# Ross' Rotiformed B6 Passat



## -TEXAS2LO- (Aug 16, 2008)

Full article here & more pics here :
http://www.airsociety.net/2011/02/ross-rotiformed-b6-passat/



> Here’s the detailed Air Suspension setup:
> 
> Air Lift XL Fronts
> Re-5 Rear bags w/dcup brackets
> ...


----------



## PASSAT888 (Jan 28, 2010)

LOVING IT!!! Makes me want to bag mine, but must hold out till I get CC, your making it hard to do though.


----------



## Ben from RI (Jun 5, 2009)

perfect man...


----------



## zacharys666 (Jan 28, 2008)

Amazing.
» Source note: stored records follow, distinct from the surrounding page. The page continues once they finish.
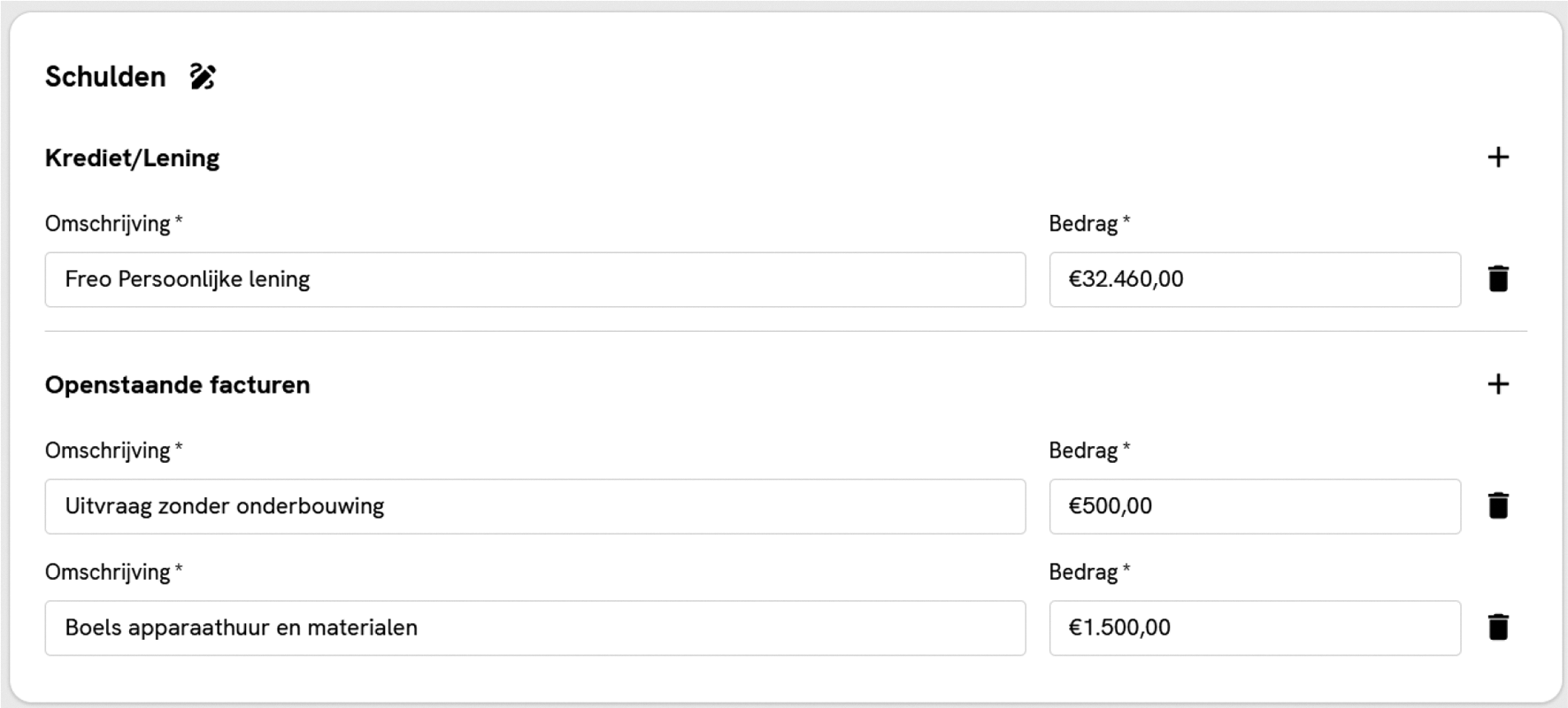Rekenmodel, voorbeeld schulden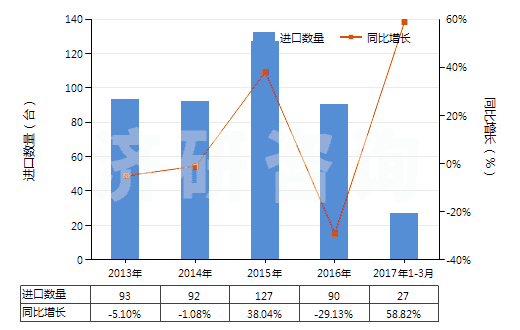 2013-2017年3月中國(guó)擠出吹塑機(jī)(HS84773010)進(jìn)口量及增速統(tǒng)計(jì)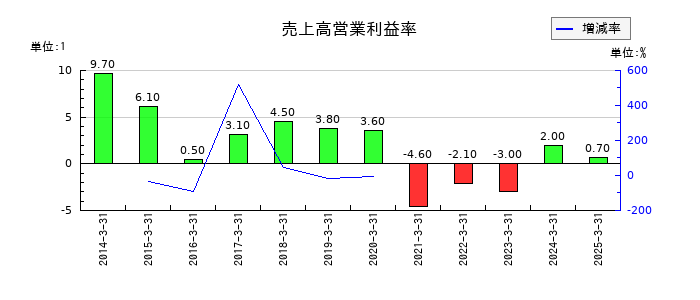 ウチヤマホールディングスの売上高営業利益率の推移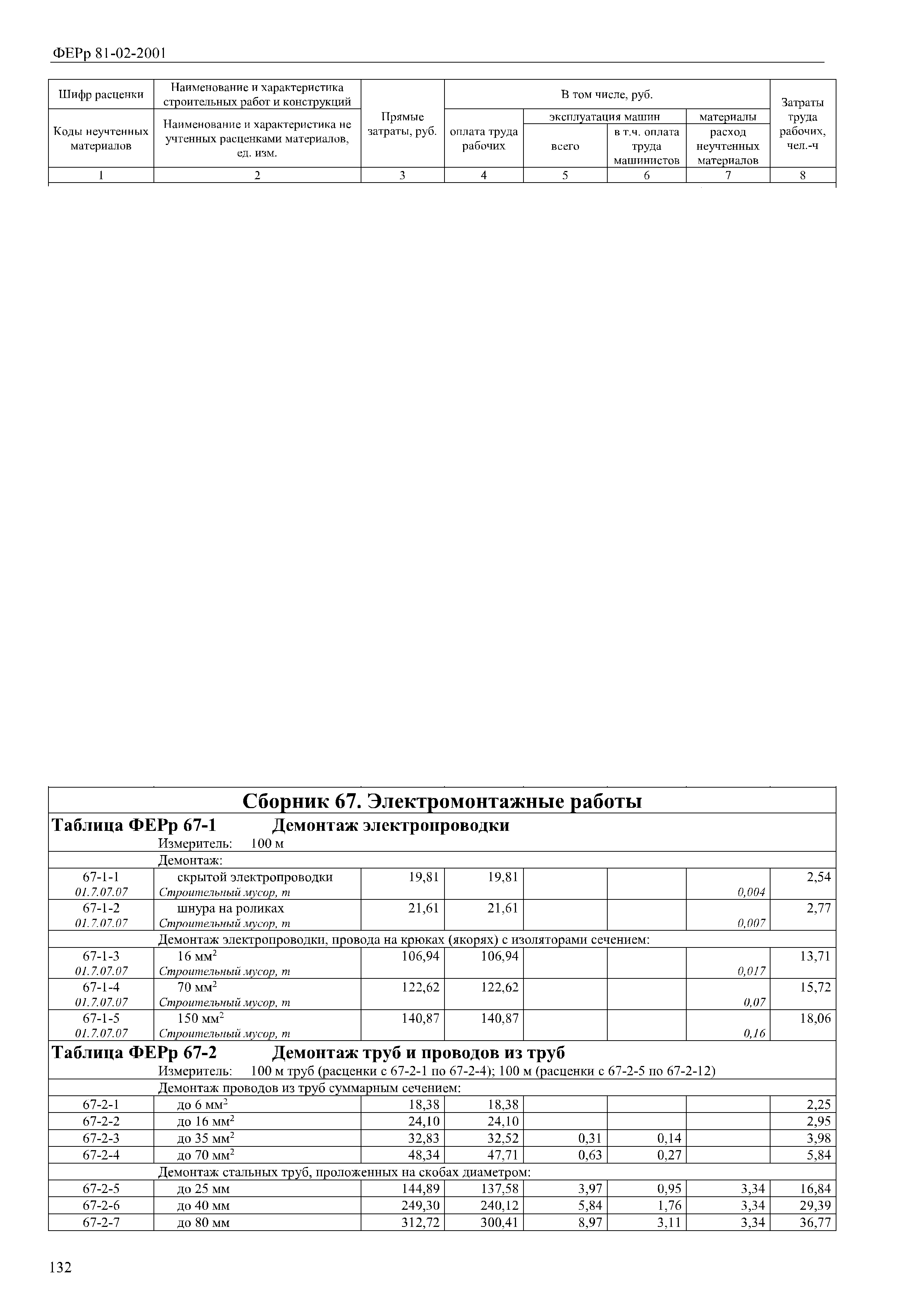 Скачать Сборник 67. Электромонтажные работы (редакция 2017 г.).  Электромонтажные работы. Федеральные единичные расценки на  ремонтно-строительные работы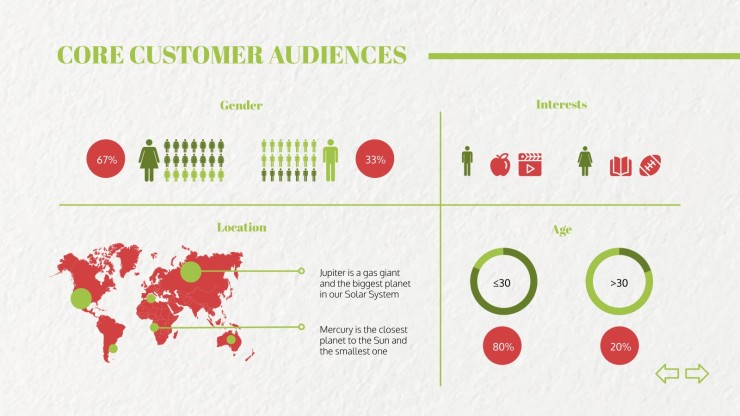 Food Day Campaign presentation template 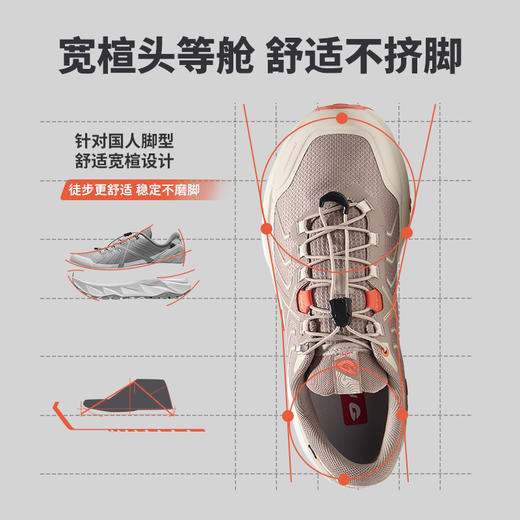户外特工 登山鞋男女防滑缓震徒步鞋耐磨轻便透气越野爬山运动鞋 破晓 TR-dawn1 商品图2
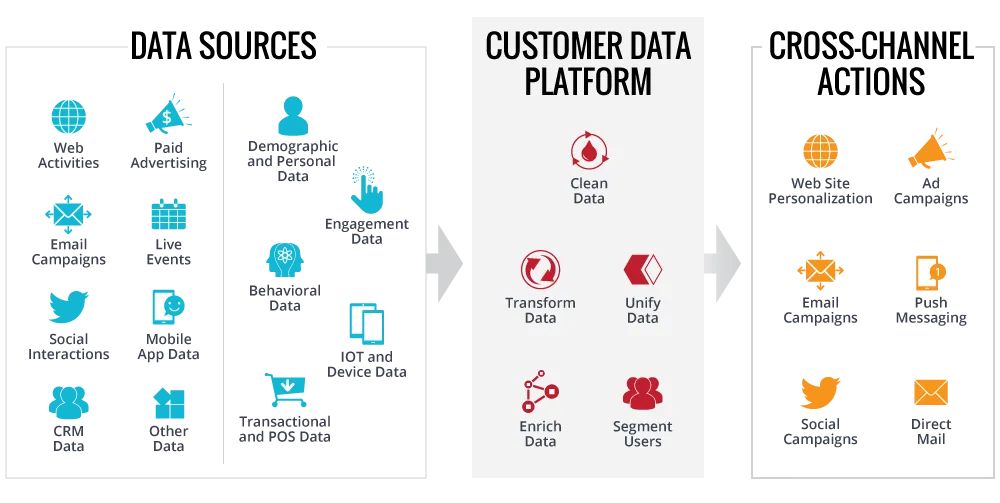 Diagram should disparate data sources feeding into a CDP to transform, clean and unify the data, which then supports multiple cross-channel actions.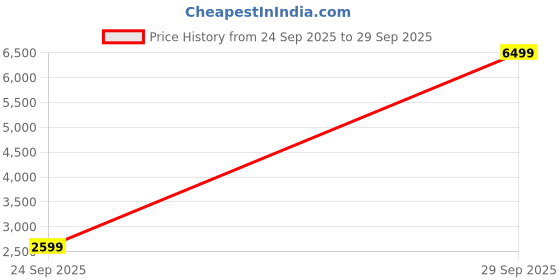 myntra.com DeFacto Women T-shirt defacto Price History Graph from 24 Sep 2025 to 29 Sep 2025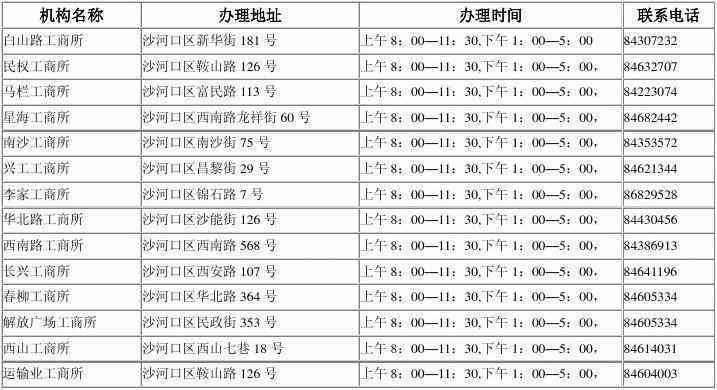 米东区工商局投诉电话：查询咨询及客服热线电话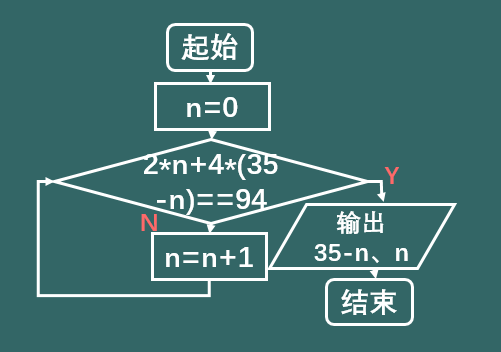 在這裡插入圖片描述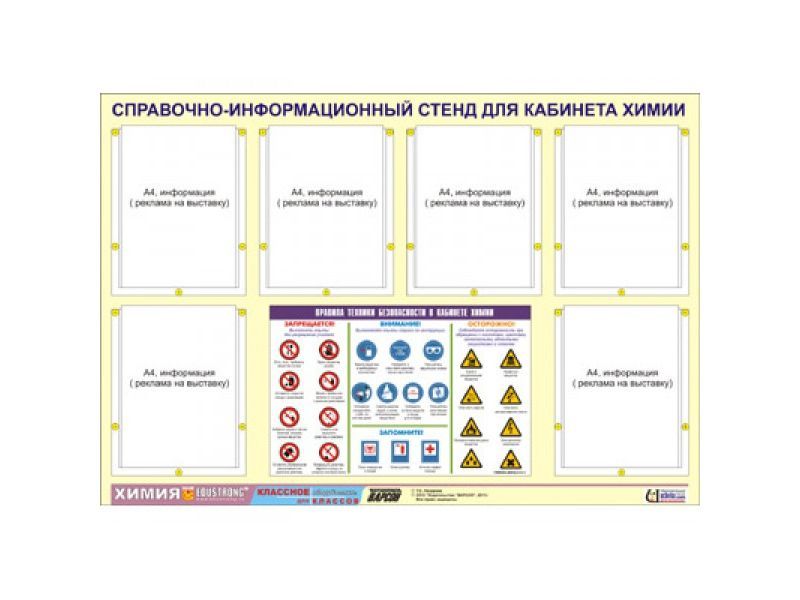 Стенд "Правила техники безопасности в кабинете химии", 4 кармана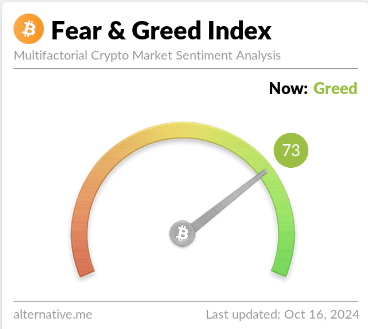 Bitcoin Extreme Greed Is Nearly Here: Will This Lead To A Top?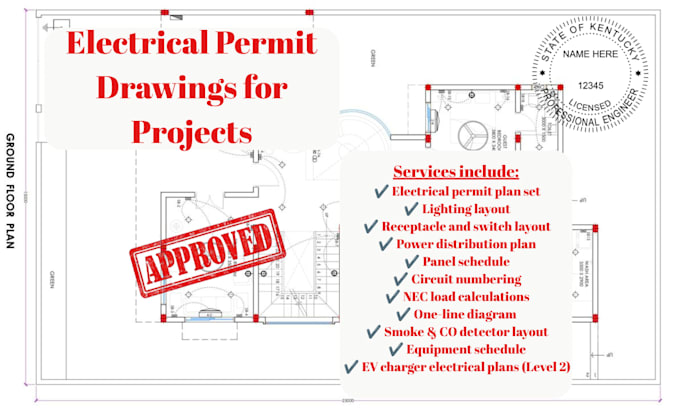 provide electrical permit plan sets with panel schedules and load calculations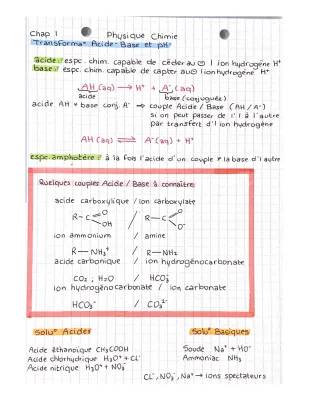 Transformations Acide-Base et Spectrophotométrie: Exemples et Exercices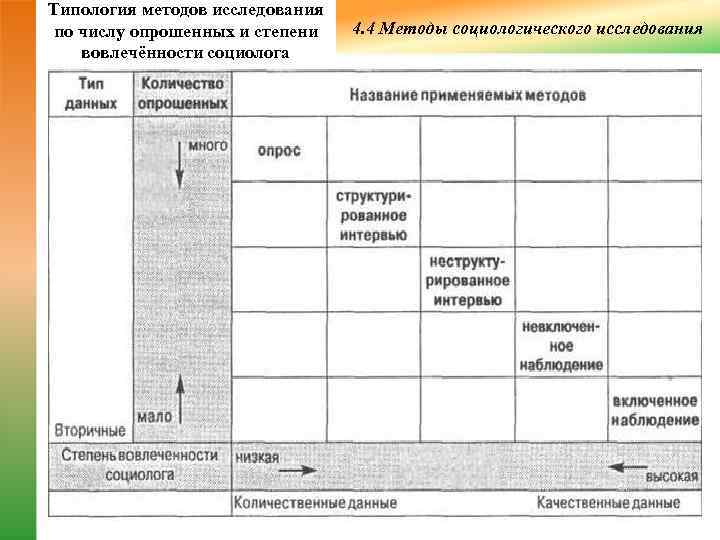 Типология методов исследования по числу опрошенных и степени  4. 4 Методы социологического исследования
So fresh. Texas is killin it:thumbup::beer:


----------



## tonyb2580 (Jun 22, 2006)

absolute sex... nice and clean


----------



## bagged_hag (Oct 30, 2005)

Everythings so clean, love it :thumbup:


----------



## shortkyle (Jan 21, 2010)

This makes me want one. I love the Rotiform's. It looks good:thumbup:


----------



## President Lincoln (Jun 27, 2005)

This doesn't help my situation either.

Looks soo good. :thumbup:


----------



## FennyCx (Aug 5, 2009)

b6 on rotiform, wow


----------



## LOW36 (Jan 18, 2008)

That stance is simply amazing. :heart:


----------



## Santi (Mar 26, 2004)

Here are a few more pictures of the actual trunk/gauge setup from when I did the install...


----------



## Miguel Lopez Ma (Mar 12, 2007)

-TEXAS2LO- said:


> Full article here & more pics here :
> http://www.airsociety.net/2011/02/ross-rotiformed-b6-passat/


Nice look!!! , cheers from Spain.


----------



## On The Grind (Apr 22, 2009)

WOW


----------



## ALI RIOS (Nov 24, 2010)

I want air bags for my Passat 4motion.

What do you recommend for B6 Passat 4Motion?
Where to buy?
I want to get that result.


----------



## DoctorDoctor (Oct 18, 2006)

Oh. My. Word.


----------



## Slo.Mo.Shun (Jan 13, 2010)

Very nice :thumbup:.

Super clean install.

Is the dashboard cubby bigger on the Passat (Compared to Golf)


----------



## bassmanjosh (Nov 6, 2004)

love it.


----------



## bgsapc (Dec 17, 2008)

This car has come a long way since the last time I saw it. Way to keep it fresh Ross!:thumbup:


----------



## eastcoaststeeze (Jul 20, 2009)

big time :thumbup:


----------



## mk4_1.8t (Jul 21, 2008)

spot on dude car looks perfect:thumbup::thumbup:


----------



## Matty Much (Nov 23, 2008)

car looks good, a different way to see a manual setup i like :thumbup:


----------



## greeneyedbandit38 (Jul 27, 2006)

holy dope..........:thumbup::thumbup:


----------



## Vr601 (Aug 31, 2008)

Best part is that's almost his ride height too.


----------



## VAGwhore (Nov 12, 2004)

Vr601 said:


> Best part is that's almost his ride height too.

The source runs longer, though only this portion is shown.